What the exercise asks:
In this exercise, print only the lines from the line with "Photo of 6 Fairfields" to the last line of the data below, inclusive. Any pictures should be left out.

(Short descriptive text snippets)
........

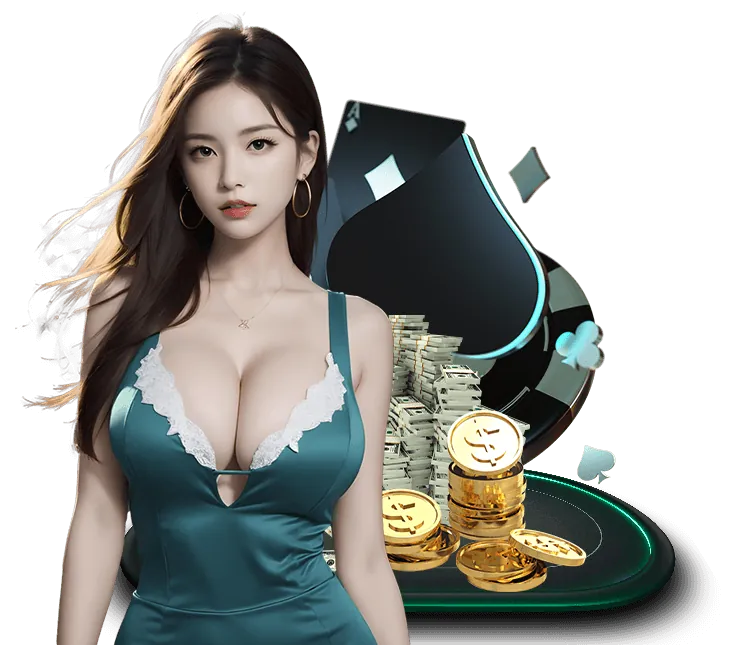 Cơ Hội Trúng Jackpot Lớn 789bett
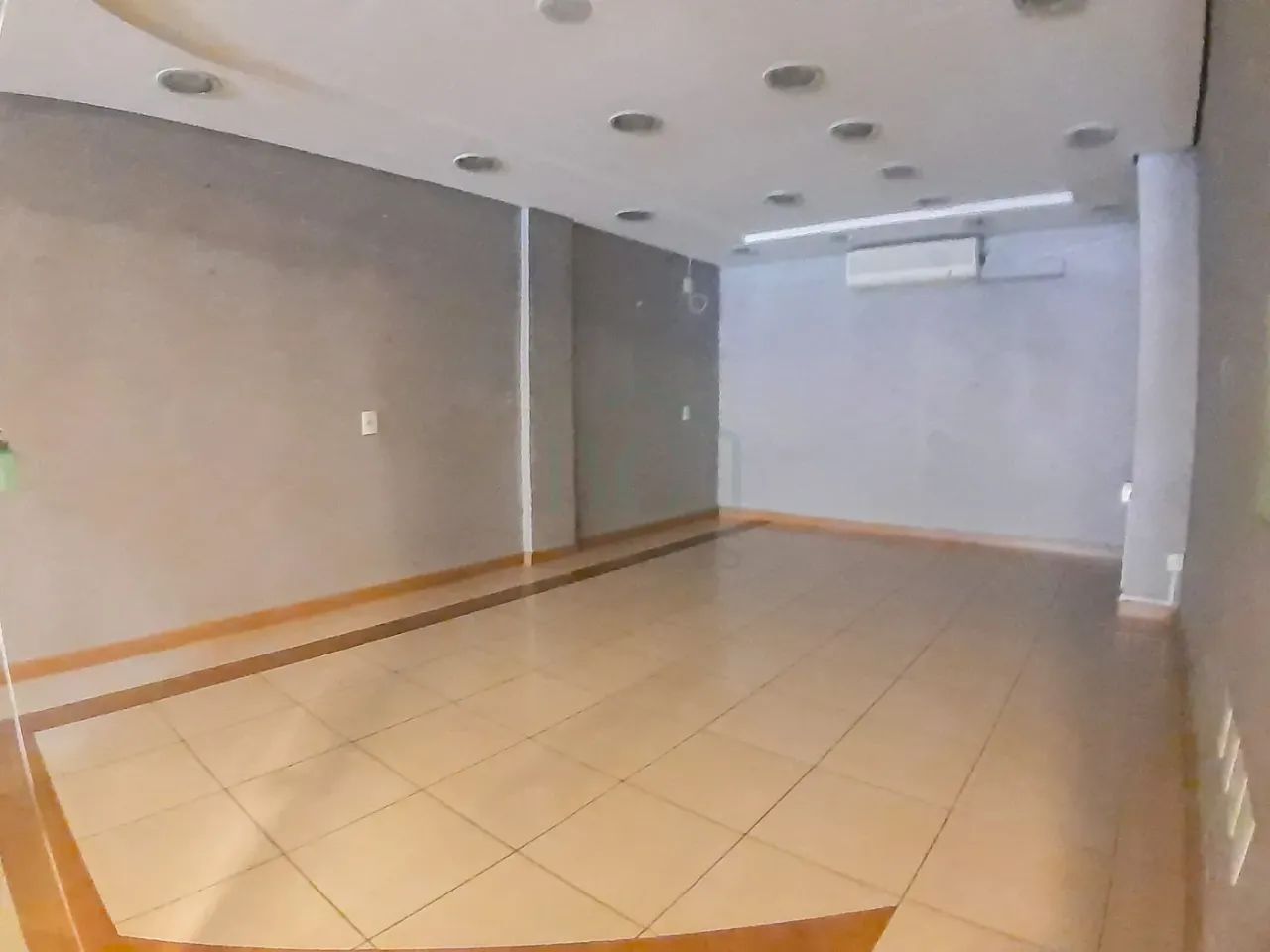 Paço das Aguas - Foto 5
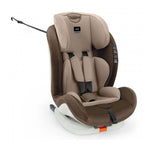 Sexholino AUTO CALIBRO S151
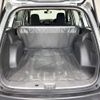 mitsubishi lancer-cargo 2018 CMATCH_U00049076796 image 16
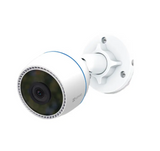 EZVIZ Smart Home Camera 3MP,8MM (CS-C3TN) - IBSouq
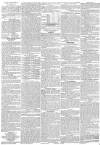 Oxford Journal Saturday 18 March 1826 Page 3
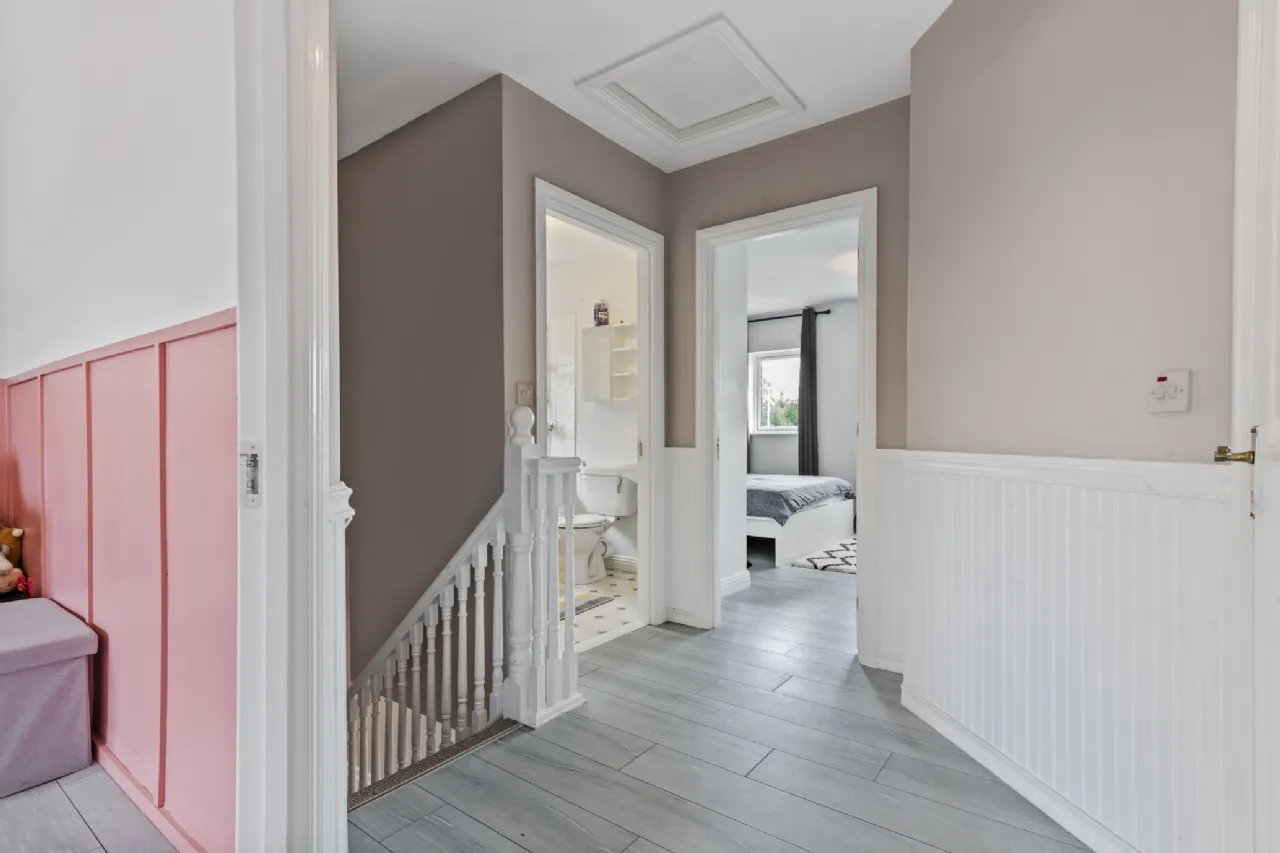 Photo of 6 Fairfields Close, Adamstown, Co Wexford, Y21 F654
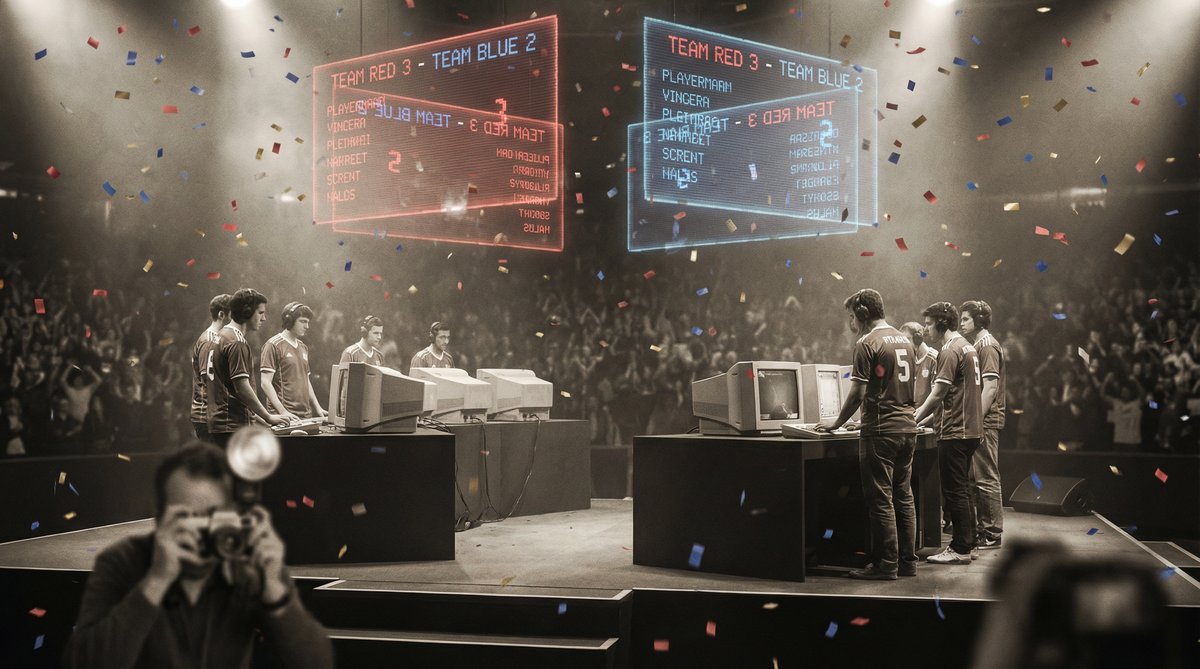 人兽经典赛事视频回顾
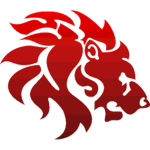 Kesei Lions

........

Answer below:
 Photo of 6 Fairfields Close, Adamstown, Co Wexford, Y21 F654
 人兽经典赛事视频回顾
 Kesei Lions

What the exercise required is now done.